*Work required*
Copy only what lies from the line containing "Lena shortsleeve roze/oranje - Project 35" through the line containing "Vtg Red Enamel Heart Brooch Pin w/Butterfly" in the entries below, keeping both end lines exact and dropping every picture.

[Extracted records]

────────────────────────────────────────

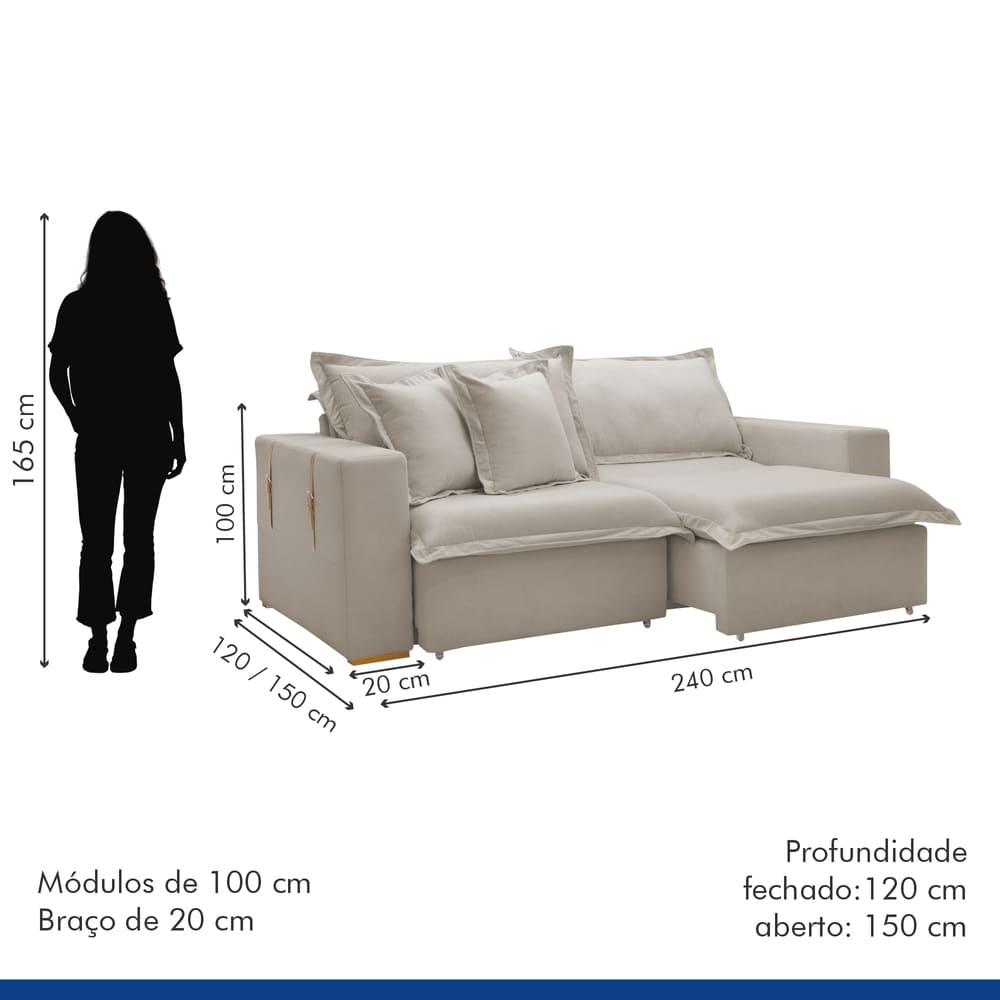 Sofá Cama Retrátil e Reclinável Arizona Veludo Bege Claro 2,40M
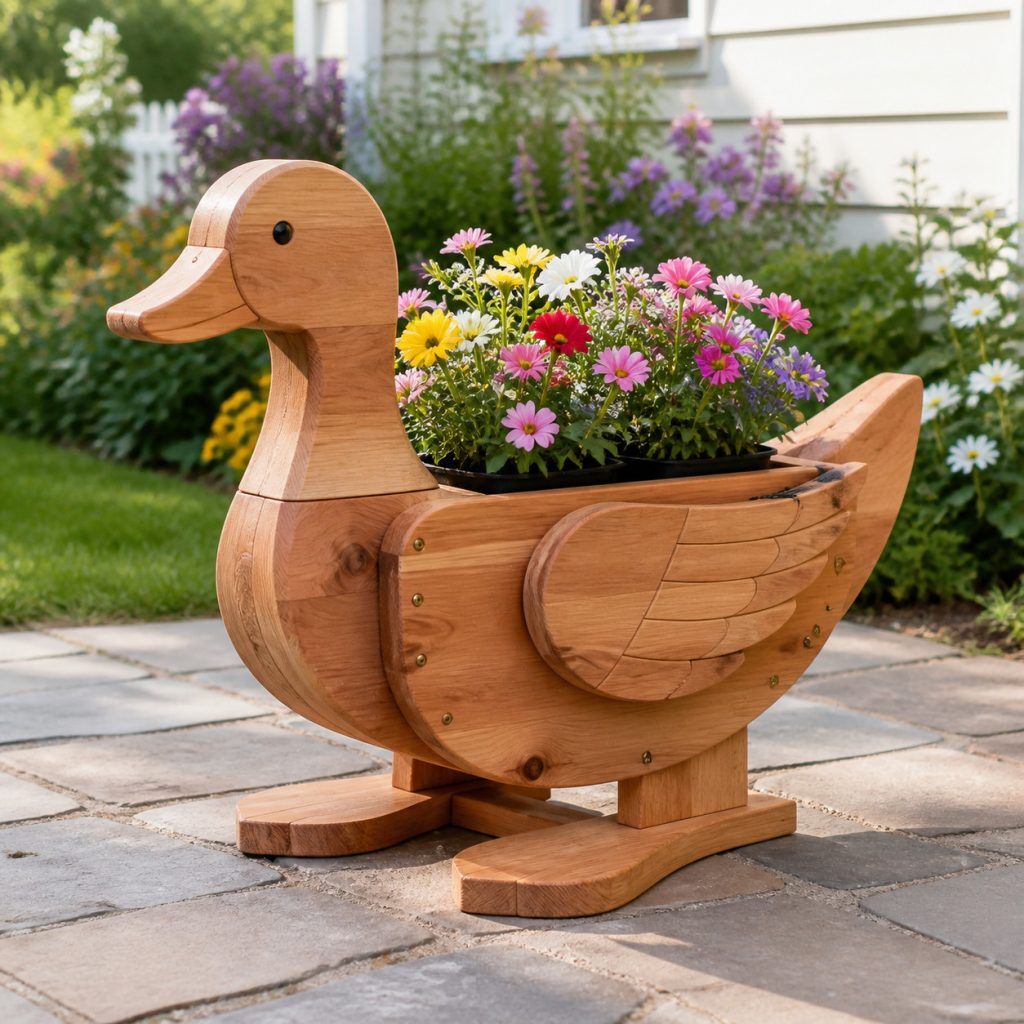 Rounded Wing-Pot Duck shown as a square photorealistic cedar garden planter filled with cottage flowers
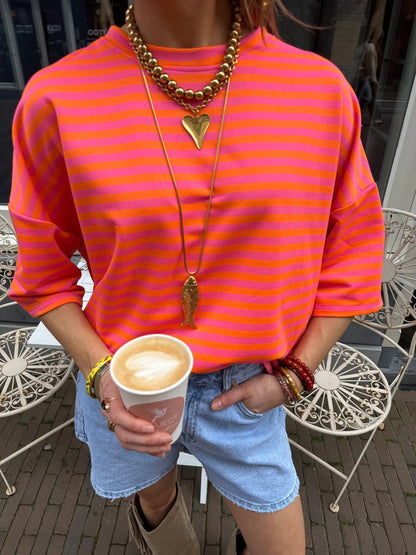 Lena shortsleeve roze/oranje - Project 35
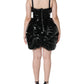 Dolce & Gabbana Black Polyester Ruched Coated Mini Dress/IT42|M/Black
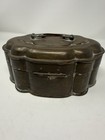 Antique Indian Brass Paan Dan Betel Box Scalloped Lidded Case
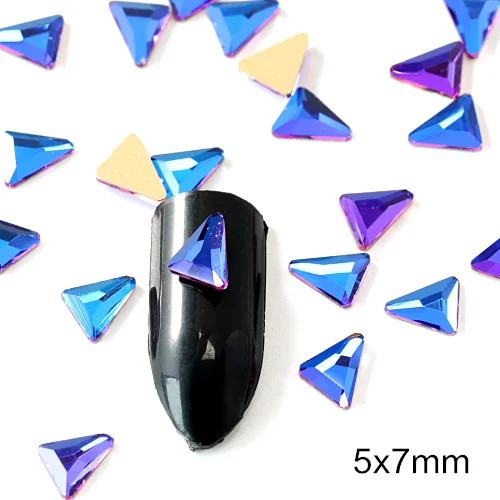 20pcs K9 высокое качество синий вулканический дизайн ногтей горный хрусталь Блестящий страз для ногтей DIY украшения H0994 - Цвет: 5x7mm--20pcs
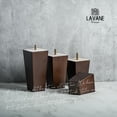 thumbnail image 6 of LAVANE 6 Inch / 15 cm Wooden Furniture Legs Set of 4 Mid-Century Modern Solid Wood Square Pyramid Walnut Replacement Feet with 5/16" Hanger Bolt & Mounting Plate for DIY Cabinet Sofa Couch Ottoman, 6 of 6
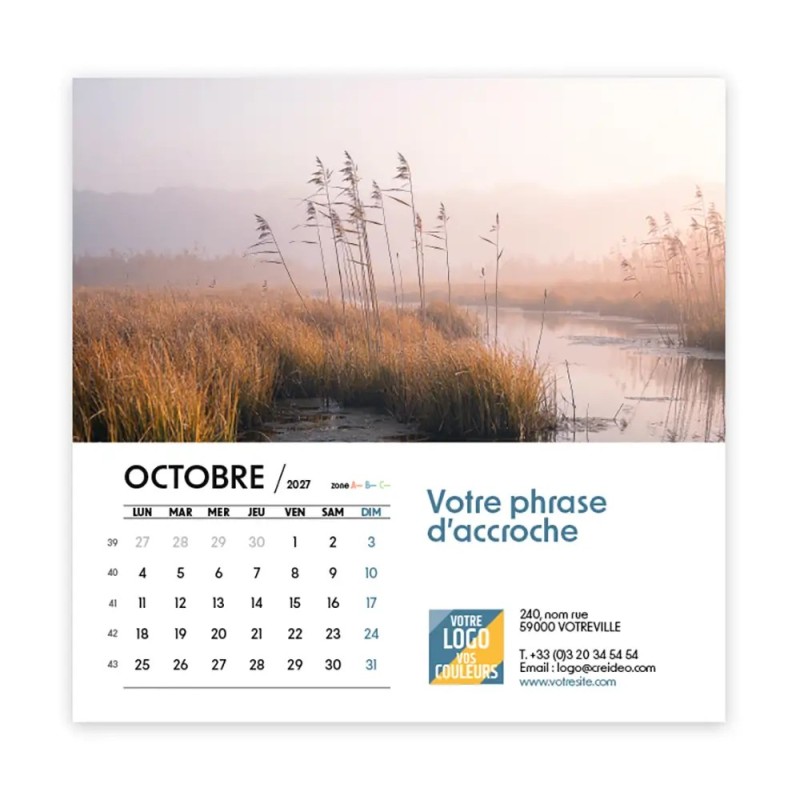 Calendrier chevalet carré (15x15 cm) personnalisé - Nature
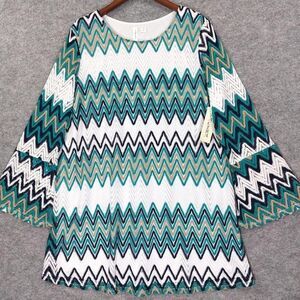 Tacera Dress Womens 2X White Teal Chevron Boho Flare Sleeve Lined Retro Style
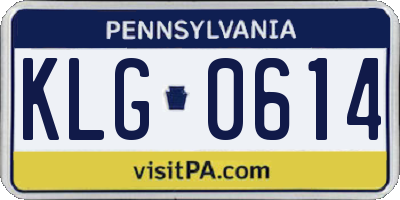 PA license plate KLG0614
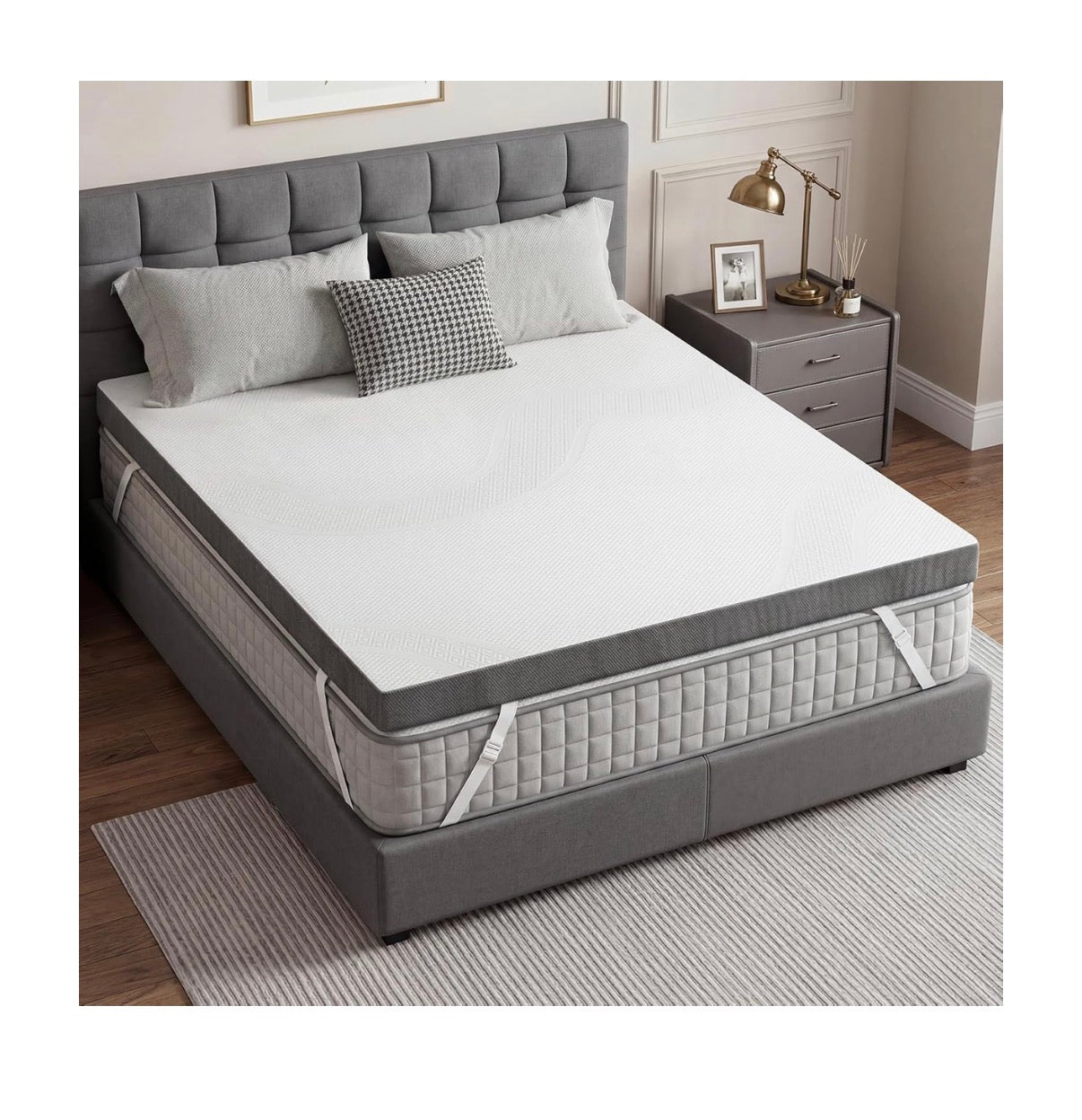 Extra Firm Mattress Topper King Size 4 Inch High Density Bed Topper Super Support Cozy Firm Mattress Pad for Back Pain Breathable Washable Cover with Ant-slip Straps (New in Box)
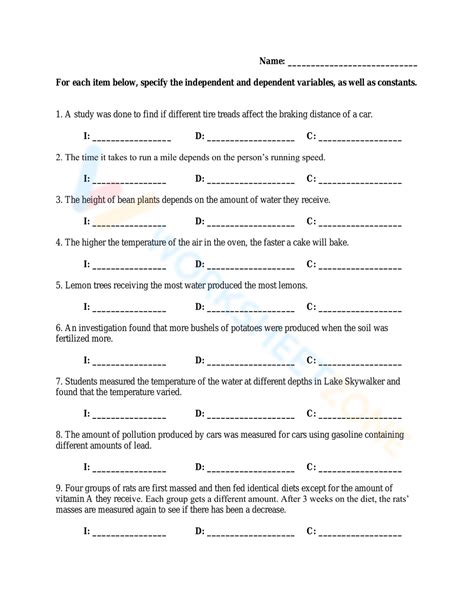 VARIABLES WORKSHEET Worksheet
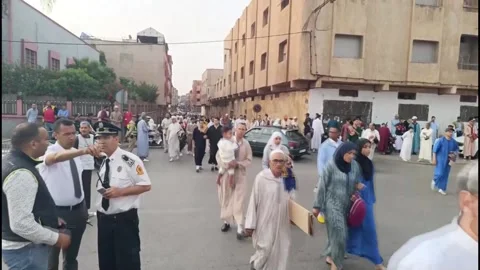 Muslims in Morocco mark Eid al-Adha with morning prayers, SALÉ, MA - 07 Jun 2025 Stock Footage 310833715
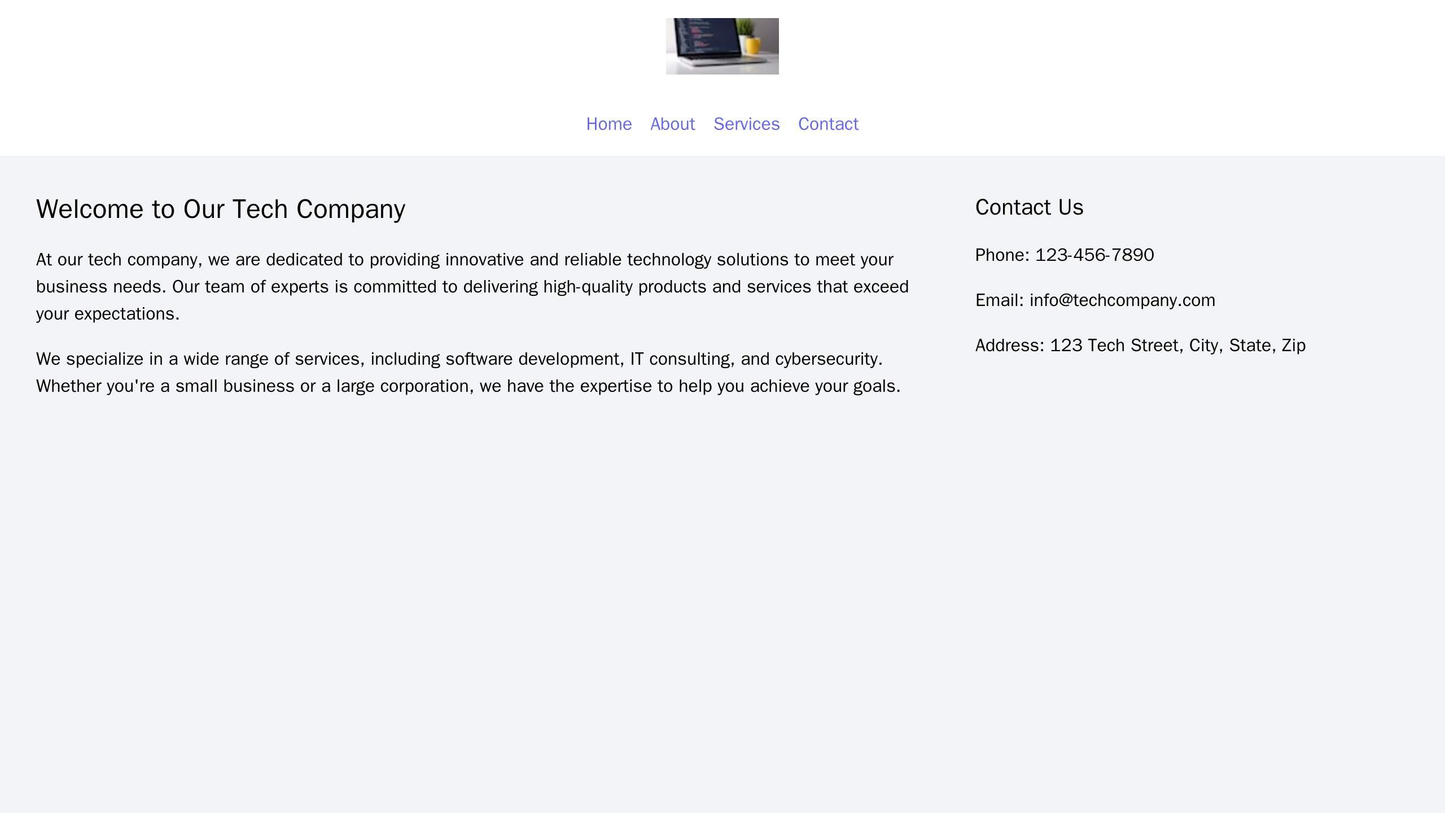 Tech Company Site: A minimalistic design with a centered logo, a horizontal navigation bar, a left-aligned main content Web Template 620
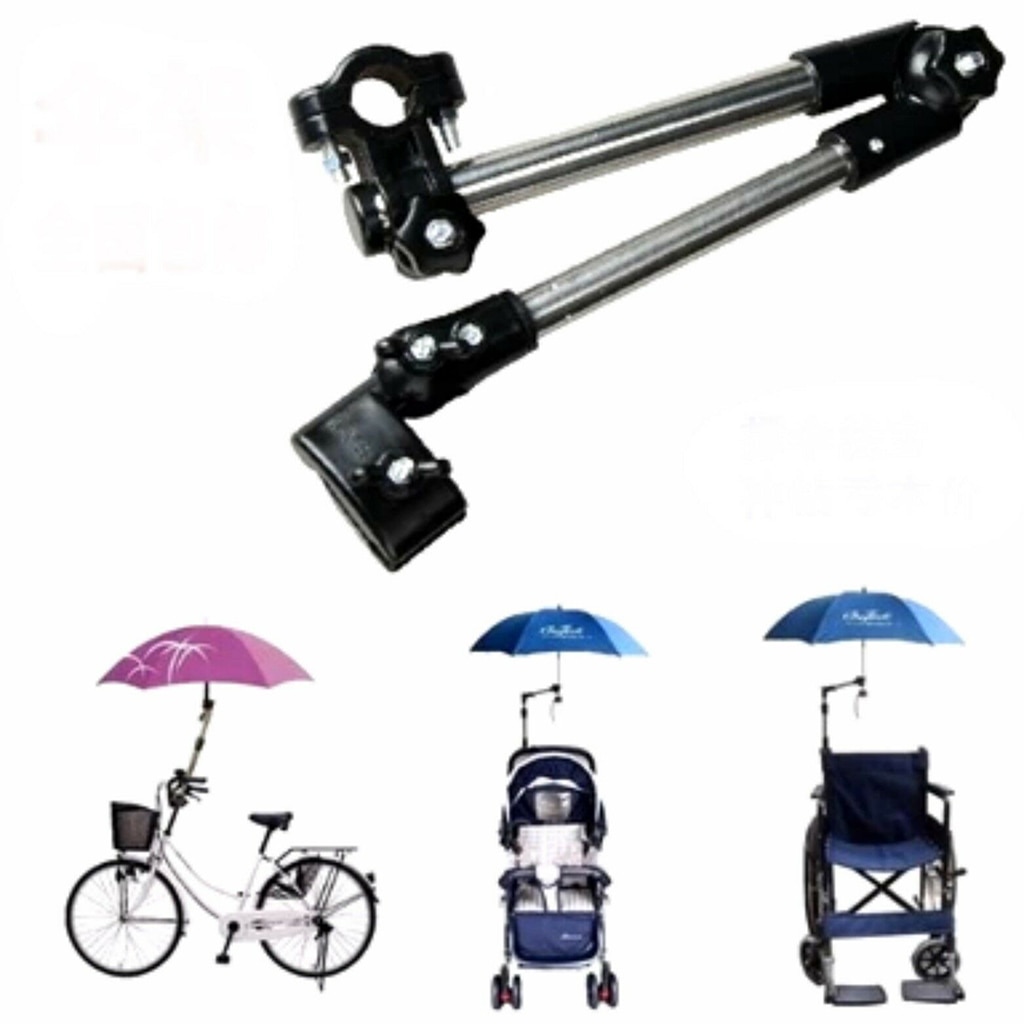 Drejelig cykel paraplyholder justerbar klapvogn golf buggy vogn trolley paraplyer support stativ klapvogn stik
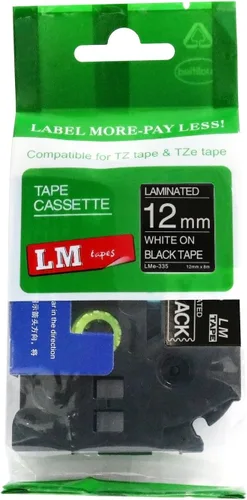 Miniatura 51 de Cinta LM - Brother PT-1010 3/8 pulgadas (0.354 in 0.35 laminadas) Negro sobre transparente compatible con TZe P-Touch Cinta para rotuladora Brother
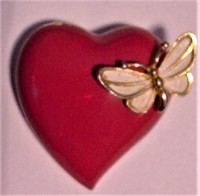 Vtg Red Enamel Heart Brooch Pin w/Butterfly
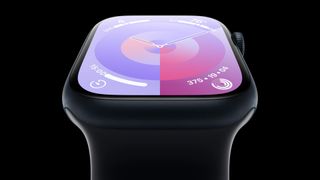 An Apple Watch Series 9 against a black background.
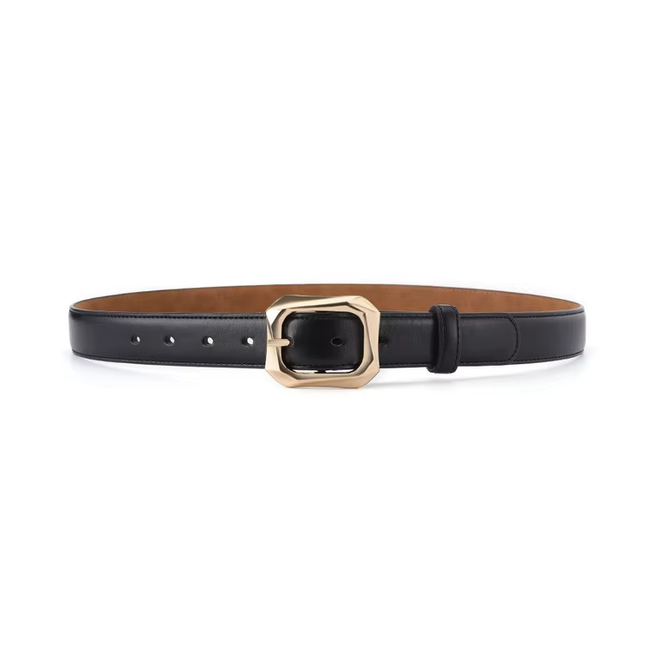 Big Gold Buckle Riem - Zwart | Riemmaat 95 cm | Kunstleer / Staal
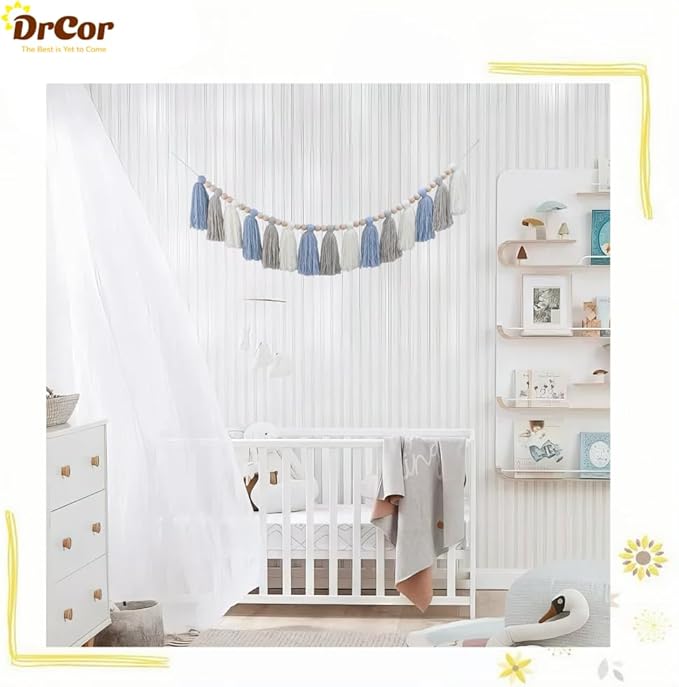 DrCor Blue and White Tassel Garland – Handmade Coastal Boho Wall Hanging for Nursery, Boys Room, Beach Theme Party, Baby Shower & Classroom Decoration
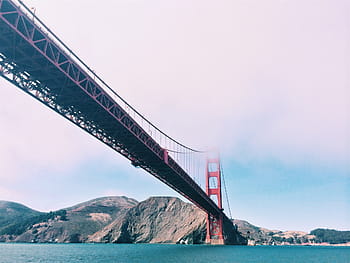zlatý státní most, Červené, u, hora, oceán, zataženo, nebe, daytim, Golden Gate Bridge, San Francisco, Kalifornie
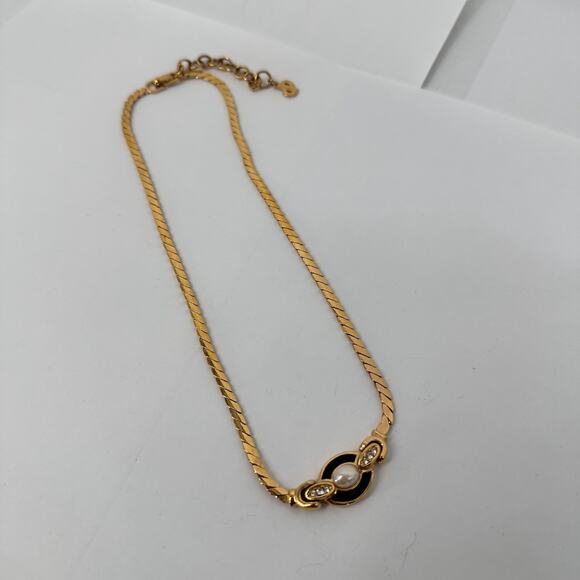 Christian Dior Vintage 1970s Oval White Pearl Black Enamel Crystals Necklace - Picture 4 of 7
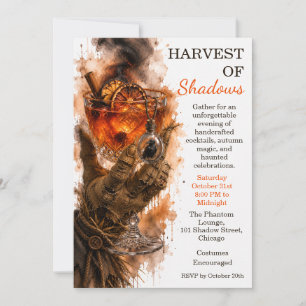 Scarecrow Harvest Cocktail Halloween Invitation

────────────────────────────────────────

*Response to this task*
 Lena shortsleeve roze/oranje - Project 35
 Dolce & Gabbana Black Polyester Ruched Coated Mini Dress/IT42|M/Black
 Antique Indian Brass Paan Dan Betel Box Scalloped Lidded Case
 20pcs K9 высокое качество синий вулканический дизайн ногтей горный хрусталь Блестящий страз для ногтей DIY украшения H0994 - Цвет: 5x7mm--20pcs
 thumbnail image 6 of LAVANE 6 Inch / 15 cm Wooden Furniture Legs Set of 4 Mid-Century Modern Solid Wood Square Pyramid Walnut Replacement Feet with 5/16" Hanger Bolt & Mounting Plate for DIY Cabinet Sofa Couch Ottoman, 6 of 6
 Calendrier chevalet carré (15x15 cm) personnalisé - Nature
 Tacera Dress Womens 2X White Teal Chevron Boho Flare Sleeve Lined Retro Style
 PA license plate KLG0614
 Extra Firm Mattress Topper King Size 4 Inch High Density Bed Topper Super Support Cozy Firm Mattress Pad for Back Pain Breathable Washable Cover with Ant-slip Straps (New in Box)
 VARIABLES WORKSHEET Worksheet
 Muslims in Morocco mark Eid al-Adha with morning prayers, SALÉ, MA - 07 Jun 2025 Stock Footage 310833715
 Tech Company Site: A minimalistic design with a centered logo, a horizontal navigation bar, a left-aligned main content Web Template 620
 Drejelig cykel paraplyholder justerbar klapvogn golf buggy vogn trolley paraplyer support stativ klapvogn stik
 Miniatura 51 de Cinta LM - Brother PT-1010 3/8 pulgadas (0.354 in 0.35 laminadas) Negro sobre transparente compatible con TZe P-Touch Cinta para rotuladora Brother
 Vtg Red Enamel Heart Brooch Pin w/Butterfly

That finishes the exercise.